Shane: We’re also supporting AH2O , which was born out of the work started in 2013 by a close friend of ours, Anton Hawkins, who tragically passed away last year, and was a big surfer. His work was about delivering essential water filtration equipment to families in the remote areas of Chinandega in northern Nicaragua.

Laurie: Actually Anton was instrumental in encouraging us to set up Ting Boards and to follow our dreams, and his death really motivated us to start our business and get things moving.
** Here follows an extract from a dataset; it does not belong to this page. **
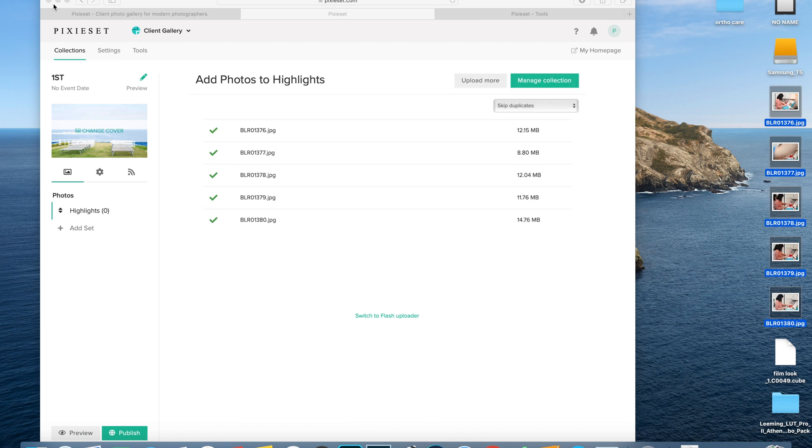Now with this plugin, it allows you to directly upload your photos to PixieSet from Lightroom. So I'm going to quickly show you how to do that.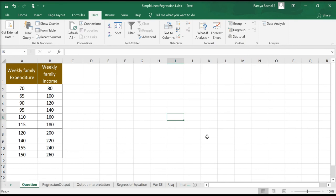Now if you go to Data, the Data Analysis option should be visible.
In addition to working with charities, we’ve also got sponsorship deals with Melodie King, who is a fantastic competition surfer based in Cornwall, and Harry De Roth who is the 4 times British Surf Champion and 2 times UK Pro Tour Surf Champion, both of whom have a board deal. We’re also looking to sponsor other people, especially longboarders in the UK, and we’re close to signing a major sponsorship deal with one of the biggest names in world surfing, and one of the most talked about snowboarders, who represented the UK at the Olympics.

When you’re not cruising about on your longboards, what else are you passionate about?
Laurie: When we’re not longboarding we’re back in the water surfing. Otherwise, we’re totally immersed in running our business and developing new ideas and concepts for Ting Boards.

Ting Boards - a sure ting
(Photographed by Ben Taylor)

What advice would you give to someone who is planning to set up their own business?
Laurie: Just go for it. A lot of people spend too much time dreaming about doing something and never take the first step.

Shane: Definitely, do what you love, especially if it’s a job you’re going to be doing for most of your life. Otherwise what’s the point?

What plans do you have for Ting Boards in the future?
Shane: We’re currently developing a new longboard called a Pin-Tail. It’s going to be a similar shape to our existing carver boards, but the board will have a bit more flex to it, and the tail will come together in a pin, hence the name.

Laurie: We've also got some great new artwork, which is soon to be on a variety of T-shirts and clothing, so watch this space!

Who’s been the biggest inspiration in your lives?

Laurie: It’s got to be Shane really! [laughs]

Shane: Does that mean I have to say Laurie now?

What are you listening to on your MP3 players at the moment?
Shane: I’m listening to lots of reggae and hip hop on mine.

Laurie: I’m really into acoustic, singer songwriter music, or anything that has real heart and soul in it. There’s a strong music scene linked to the whole surfing culture, especially with artists like Ben Howard and Isak Strand.

What do you think the world needs more than anything?
Shane: I think it's about being wholesome and doing good things, and sharing your passion for life with others.

Laurie: And for people to get away from their computers, iPads and PlayStations and get into longboarding! [laughs] Also you’ve only got this life - go and live it!